Short web captions →
====

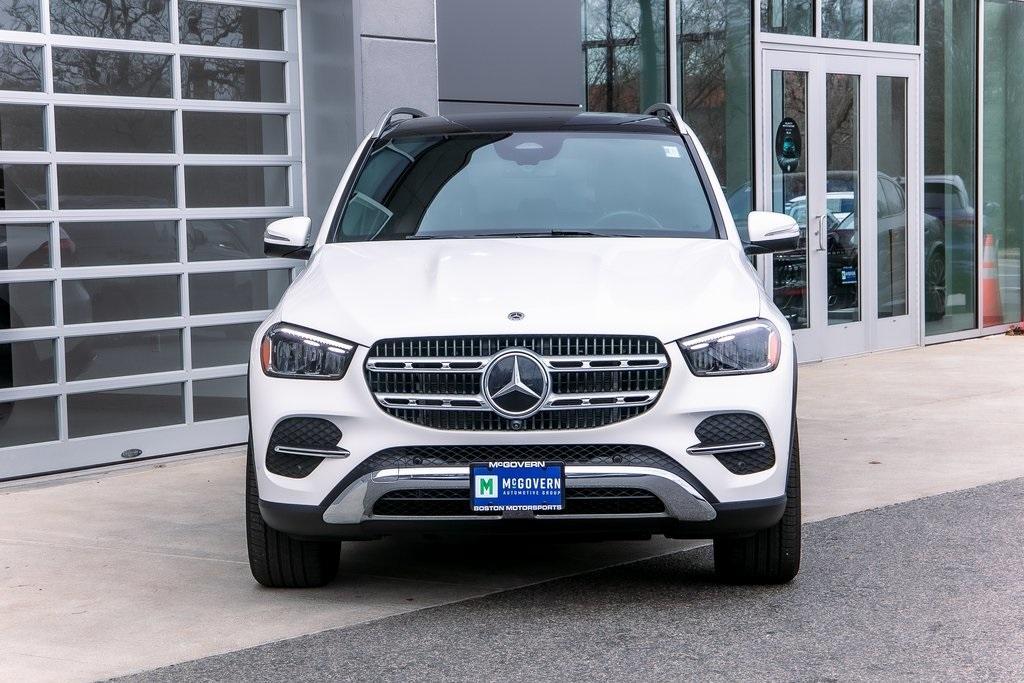 used 2024 Mercedes-Benz GLE 350 car, priced at $60,990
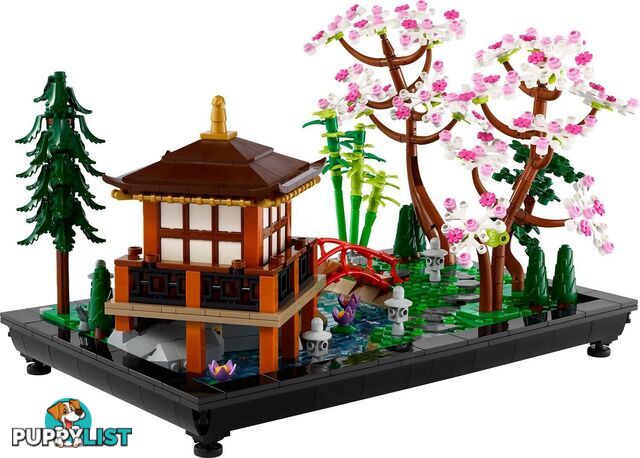 LEGO 10315 Tranquil Garden - Icons - 5702017416885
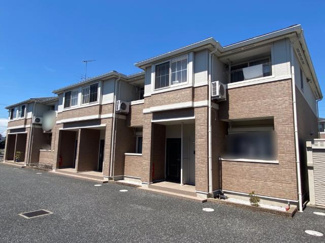 【外観】 | アネシス | 外観写真（昼）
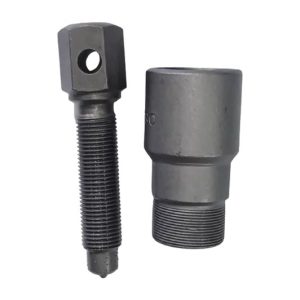 EXTRACTOR DE VOLANTE 3 EN 1, ROSCA MACHO IZQ 27MM, HEM 28MM
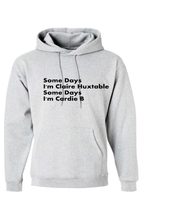 Load image into Gallery viewer, Cardi Hoodie (MORE COLORS)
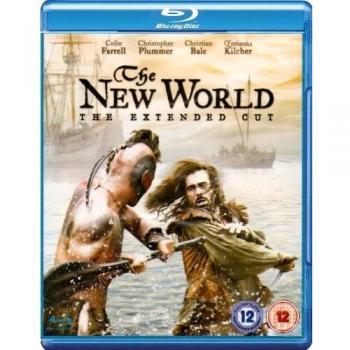 The New World: Extended Cut [Blu-ray] [Reino Unido]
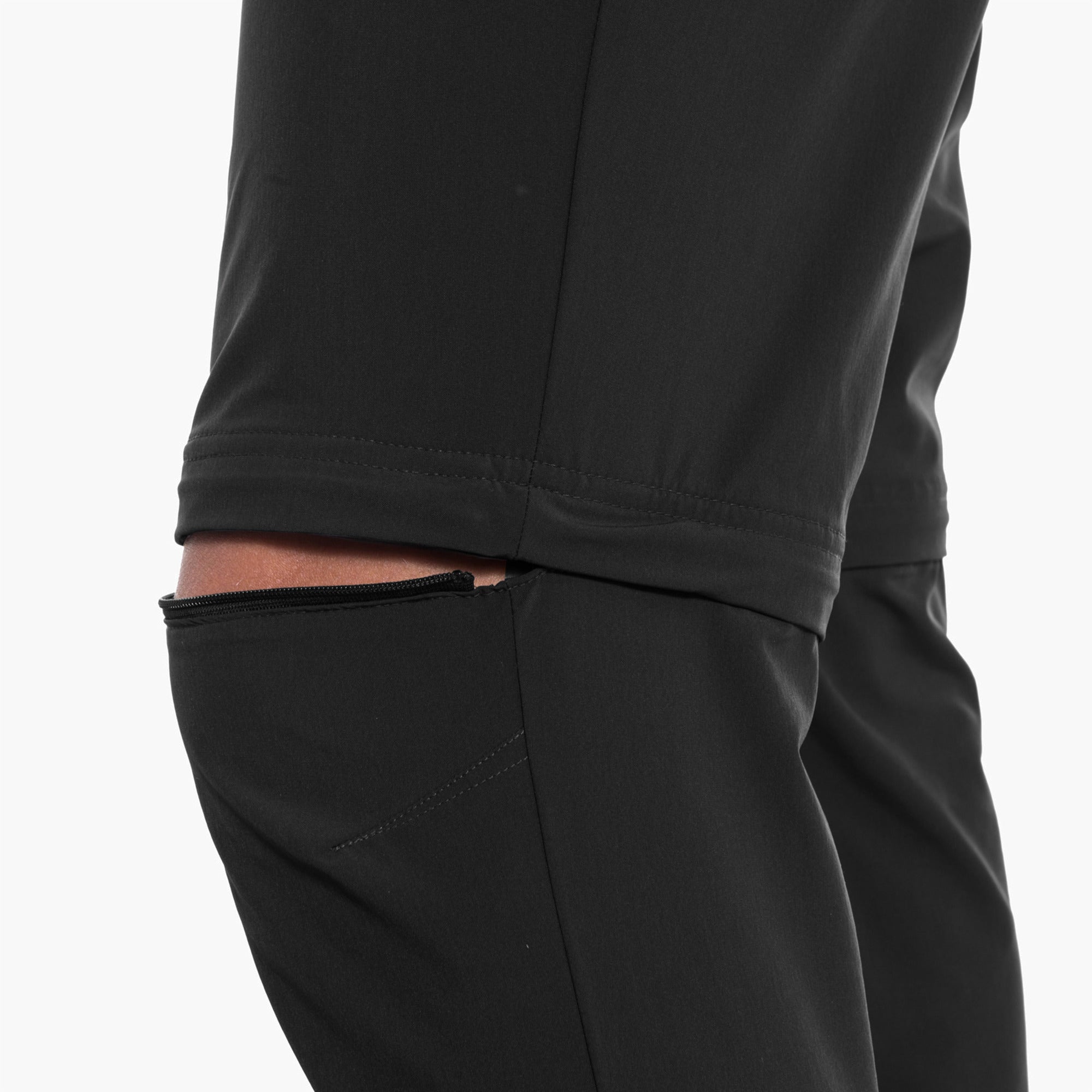 SCHÖFFEL Pants Folkstone Zip Off Wanderhosen SCHÖFFEL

====

WHAT IS REQUIRED →
Restate word for word only the lines from where the entries begin through the one with "Load image into"; omit the pictures.

ANSWER FOR THIS EXERCISE →
 used 2024 Mercedes-Benz GLE 350 car, priced at $60,990
 LEGO 10315 Tranquil Garden - Icons - 5702017416885
 【外観】 | アネシス | 外観写真（昼）
 EXTRACTOR DE VOLANTE 3 EN 1, ROSCA MACHO IZQ 27MM, HEM 28MM
 Load image into Gallery viewer, Cardi Hoodie (MORE COLORS)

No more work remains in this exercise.